Transcribe word for word the section of the records below that opens with the line containing "Nature Oasis near" and closes with the line containing "Bolsonaro critica Globo"; drop every picture.

◆ **EXTRACTED INFORMATION**
---------------

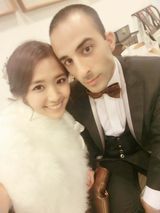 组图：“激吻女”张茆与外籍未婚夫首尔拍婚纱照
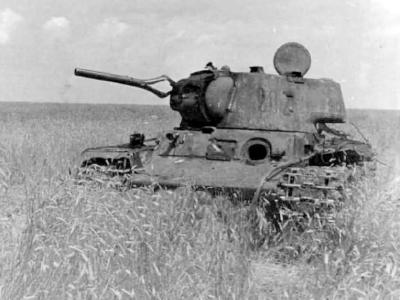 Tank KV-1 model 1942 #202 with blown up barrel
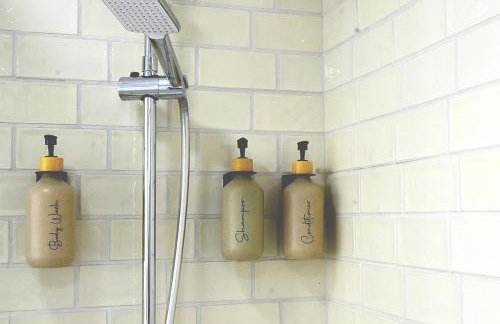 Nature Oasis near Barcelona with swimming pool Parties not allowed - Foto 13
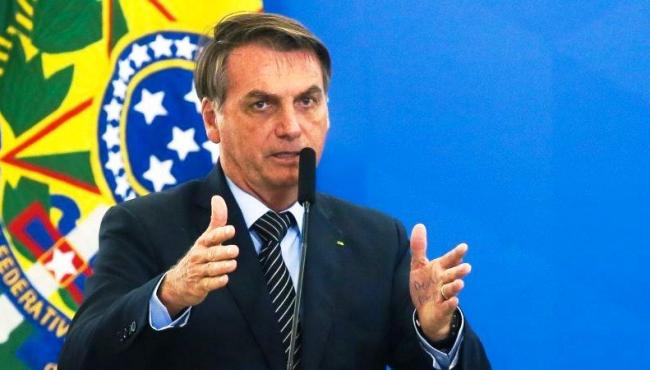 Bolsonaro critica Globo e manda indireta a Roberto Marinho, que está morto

---------------

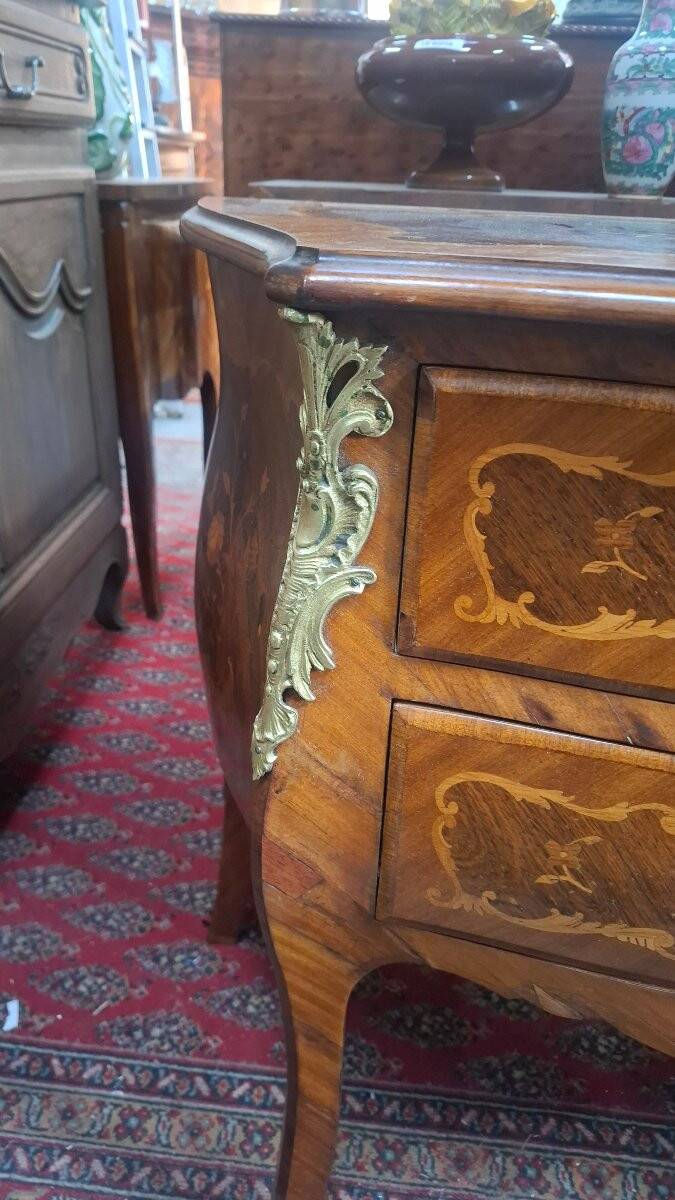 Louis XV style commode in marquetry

---------------

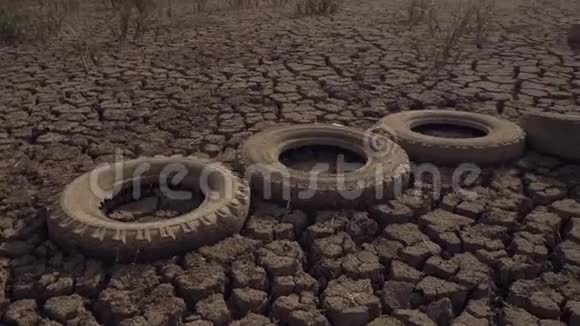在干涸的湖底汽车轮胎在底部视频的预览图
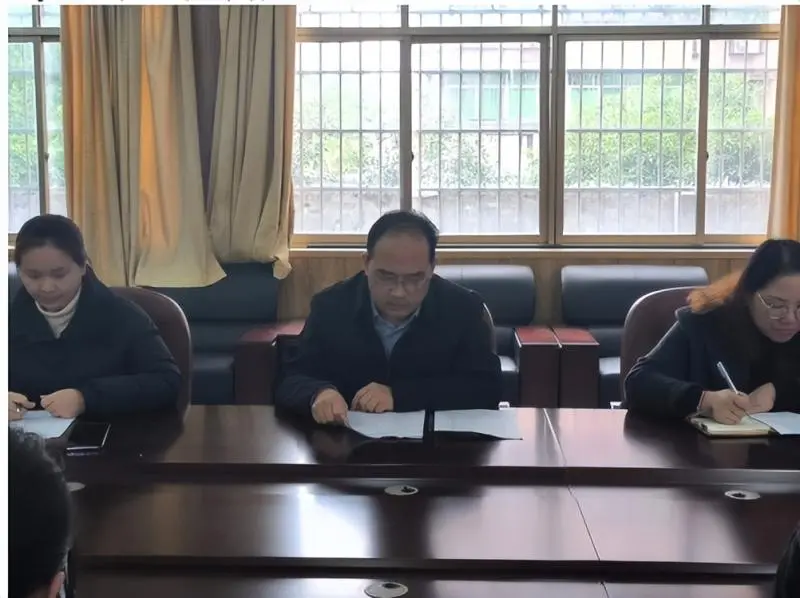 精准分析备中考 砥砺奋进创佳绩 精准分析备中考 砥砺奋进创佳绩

---------------

◆ **SOLUTION FOR THIS EXERCISE**
 Nature Oasis near Barcelona with swimming pool Parties not allowed - Foto 13
 Bolsonaro critica Globo e manda indireta a Roberto Marinho, que está morto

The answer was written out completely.